В середине 1930-х гг. в Сан-Франциско побывали известные советские писатели Илья Ильф и Евгений Петров, оставившие в своей книге любопытное наблюдение о молоканах:[28]«В это время раздался стук в дверь, и в комнату вошел человек огромного роста, с широкими круглыми плечами и большой круглой головой, на которой сидела маленькая кепка с пуговкой. Человек этот, очевидно чувствуя величину своего тела, старался делать совсем маленькие шажки и при этом ступать как можно тише. Тем не менее паркет под ним затрещал, как будто в комнату вкатили рояль. Остановившись, незнакомец сказал тонким певучим голосом на превосходном русском языке:
— Здравствуйте. Я к вам от нашей молоканской общины. Вы уж, пожалуйста. Это уж у нас такой порядок, если кто из России приезжает… Просим пожаловать на наше молоканское чаепитие. У меня и автомобиль с собой, так что вы не беспокойтесь.

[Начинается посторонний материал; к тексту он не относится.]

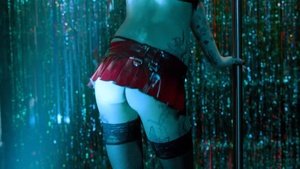 ME1C37R5_t.jpg ME1C37R5_t.jpg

Мы много слышали о русских молоканах в Сан-Франциско, оторванных от родины, но, подобно индейцам, сохранивших язык, свои нравы и обычаи.
Через пять минут мистер Адамс и посланец молоканской общины были друзьями. Мистер Адамс показал хорошее знание предмета и ни разу не спутал молокан с духоборами или субботниками.
По пути на Русскую горку, где живут сан-францисские молокане, наш проводник рассказывал историю их переселения. Когда-то, давным-давно, молокане жили на Волге. Их притесняло царское правительство, подсылало к ним попов и миссионеров. Молокане не поддавались. Тогда их переселили на Кавказ, куда-то в район Карса. Они и там, в новых местах, принялись делать то, что делали веками, — сеять хлеб. Но жить становилось все труднее, преследования делались ожесточеннее, и молокане решили покинуть родную страну, оборотившуюся к ним мачехой. Куда ехать? Люди едут в Америку. Поехали в Америку и они — пятьсот семейств. Было это в тысяча девятьсот втором году. Как они попали в Сан-Франциско? Да так как-то.
Люди ехали в Сан-Франциско. Поехали в Сан-Франциско и они. Нашему гиганту-провожатому было на вид лет сорок. Значит, попал он в Америку шестилетним мальчиком. Но это был такой русский человек, что даже не верилось, будто он умеет говорить по-английски. В Америке молокане хотели по-прежнему заняться хлебопашеством, но на покупку земли не было денег. И они пошли работать в порт. С тех пор сан-францисские молокане — грузчики. В городе молокане поселились отдельно на горке, постепенно настроили домиков, выстроили небольшую молельню, которую торжественно называют Молокан-черч, устроили русскую школу, и горка стала называться Русской горкой. Октябрьскую революцию молокане встретили не по-молокански, а по-пролетарски. Прежде всего в них заговорили грузчики, а уж потом молокане. Впервые за свою жизнь люди почувствовали, что у них есть родина, что она перестала быть для них мачехой. Во время коллективизации один из уважаемых молоканских старцев получил от своих племянников из СССР письмо, в котором они спрашивали у него совета — входить им в колхоз или не входить. Они писали, что другой молоканский старец в СССР отговаривает их от вступления в колхоз. И старый человек, не столько старый молоканский проповедник, сколько старый сан-францисский грузчик, ответил им — вступать. Этот старик с гордостью говорил нам, что теперь часто получает от племянников благодарственные письма. Когда в Сан-Франциско приезжал Трояновский, а потом Шмидт, молокане встречали их цветами.